For Trabzonspor, getting its hands on the championship trophy at last will bring some sort of closure for a team that has for long cast itself as an outsider, and a victim of the power wielded by the three Istanbul clubs — Besiktas, Fenerbahce and Galatasary — that have long dominated Turkish soccer.
“It became almost an expectation they would get close and then pretty much guarantee it would all fall to pieces,” said Emre Sarigul, a co-founder of Turkish Football, the largest English-language website solely devoted to Turkish soccer. “The fans felt they are cursed and everyone was conspiring against them.”
Sometimes the tensions have boiled over, not in wild celebration but in angst and anger. Like the time in 2015 when club officials — incensed at the award of a late penalty kick against Trabzonspor — locked a referee inside the stadium for hours and refused to release him. It required the intervention of Turkey’s president, Recep Tayyip Erdogan, to free him.
Trabzon, its much loved soccer club and those who follow it have long considered themselves a community apart from the dominant teams of Istanbul, where the three giants have combined to win 57 of Turkey’s 66 national championships. That has fostered not only a type of siege mentality but also frequent bouts of bad blood.
The fiercest enmity has been reserved toward Fenerbahce, a domestic powerhouse whose influence spreads well beyond the soccer field. Games between the teams have frequently been marred by crowd disturbances — to be fair, not uncommon events at the top of Turkish soccer — but the relationship plumbed new depths in 2015 when a bus carrying the Fenerbahce team came under attack as it traversed a steep mountain road on its way to the Trabzon airport after a game nearby. Shots were fired through its windshield, wounding the driver.
He survived, and the bus did not, thankfully, plunge off a mountain — but the attackers have never been identified, and in the febrile conspiracy- world inhabited by Turkish soccer, blame for the incident continues to center on the intensity of the soccer rivalry.
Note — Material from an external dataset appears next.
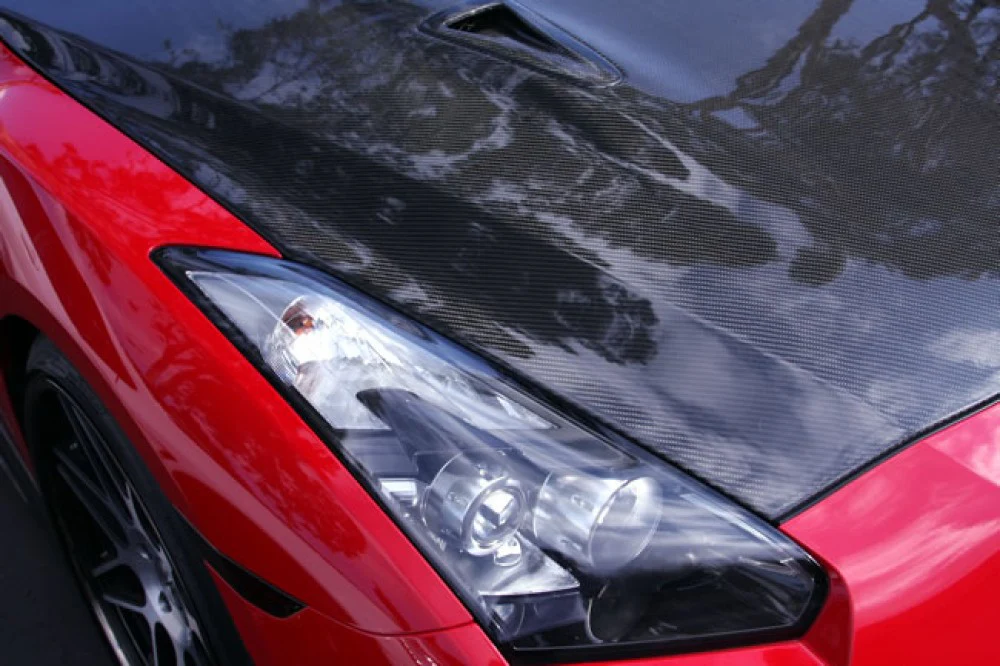 SEIBON Carbon Fiber Hood Nissan GT-R R35 (09-16) DS / GTII / OE Style - Image 9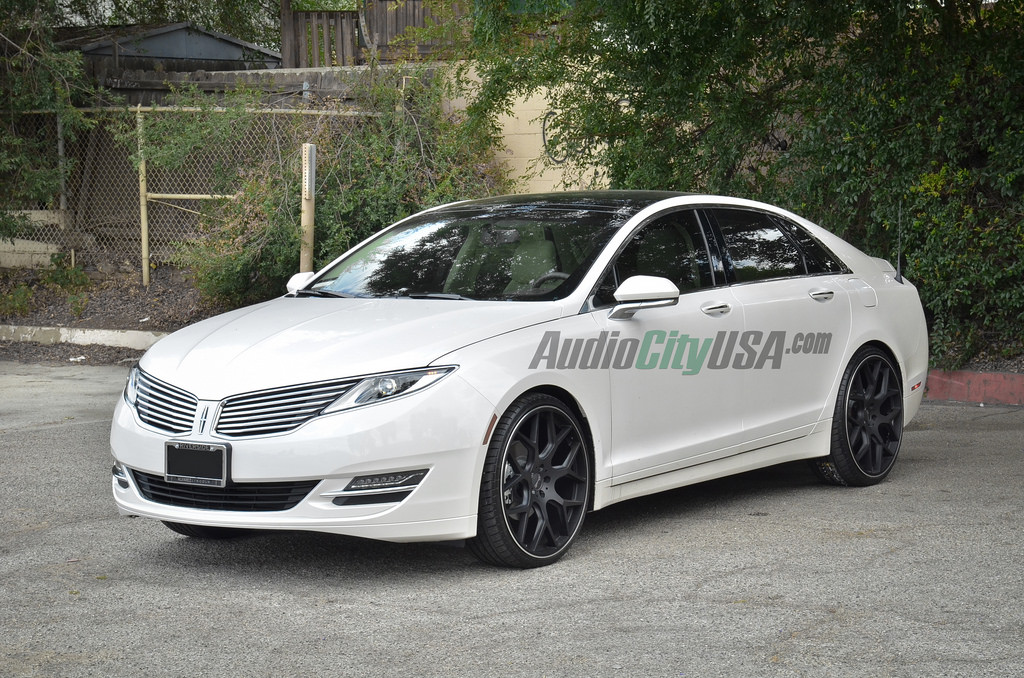 2014 Lincoln MKZ photo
Time has not softened the ill feelings. As Trabzonspor basks in continued citywide celebrations, the sense of bitterness among many of the millions of followers of Fenerbahce appears almost as strong. That much was abundantly clear in a news conference given by Fenerbahce’s president, Ali Koc, in the aftermath of Trabzonspor’s triumph. Koc railed against the new Turkish champion, saying it had benefited from curious refereeing appointments (claims that seem to be made by all Turkish teams about all of their opponents all of the time). He then claimed the team’s decision to relocate its final home game to Istanbul was an act of provocation; mocked Trabzonspor’s claim on the controversial 2011 championship; and even resurrected the bus shooting, which he argued is still commemorated by Trabzonspor fans, including on a banner at a match this season. “While the incident in 2015 is engraved in our memories,” Koc said, “we will not accept them making a mockery by reflecting it on a banner.”
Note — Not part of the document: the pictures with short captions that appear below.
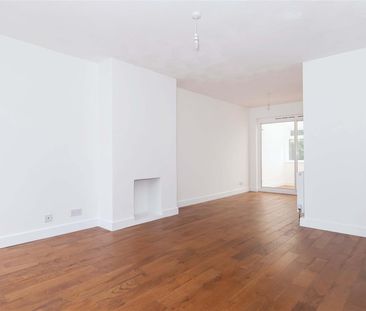 Lychpole Walk, Goring-By-Sea - Photo 1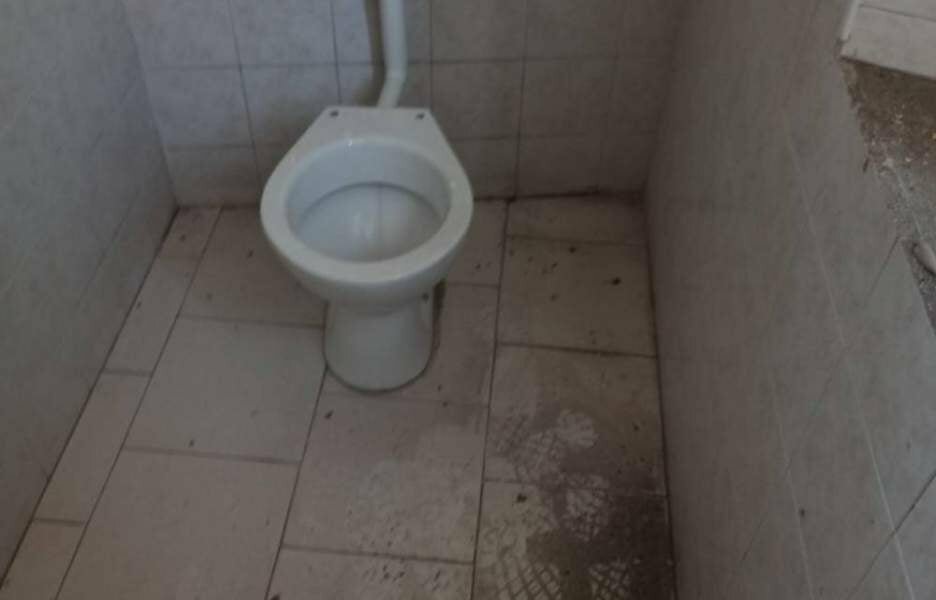 "E questo sarebbe un seggio elettorale?"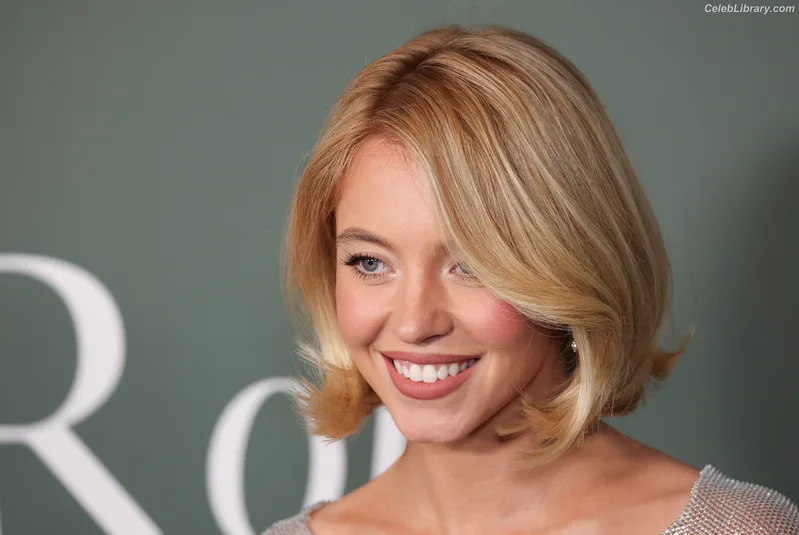 Sydney Sweeney photo 17 of 12007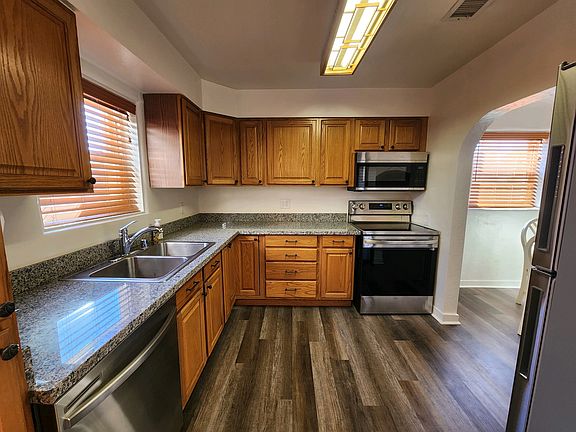 4th image of 3750 La Plaza Dr NW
Besting Fenerbache, which is second in the league table, undoubtedly has made this year’s title sweeter for Trabzonspor. The team has a significant following in Istanbul, Turkey’s economic powerhouse, which has only grown larger as Trabzon’s own population has declined. But the ardor of the support for the local team remains as strong as ever. That was clear in the celebrations, which have continued for more than a week with gatherings, concerts and rallies. And not only in Turkey: While not of the scale of the mayhem that ensued back home, impromptu celebrations also took place in cities as far away as Berlin, Munich and London.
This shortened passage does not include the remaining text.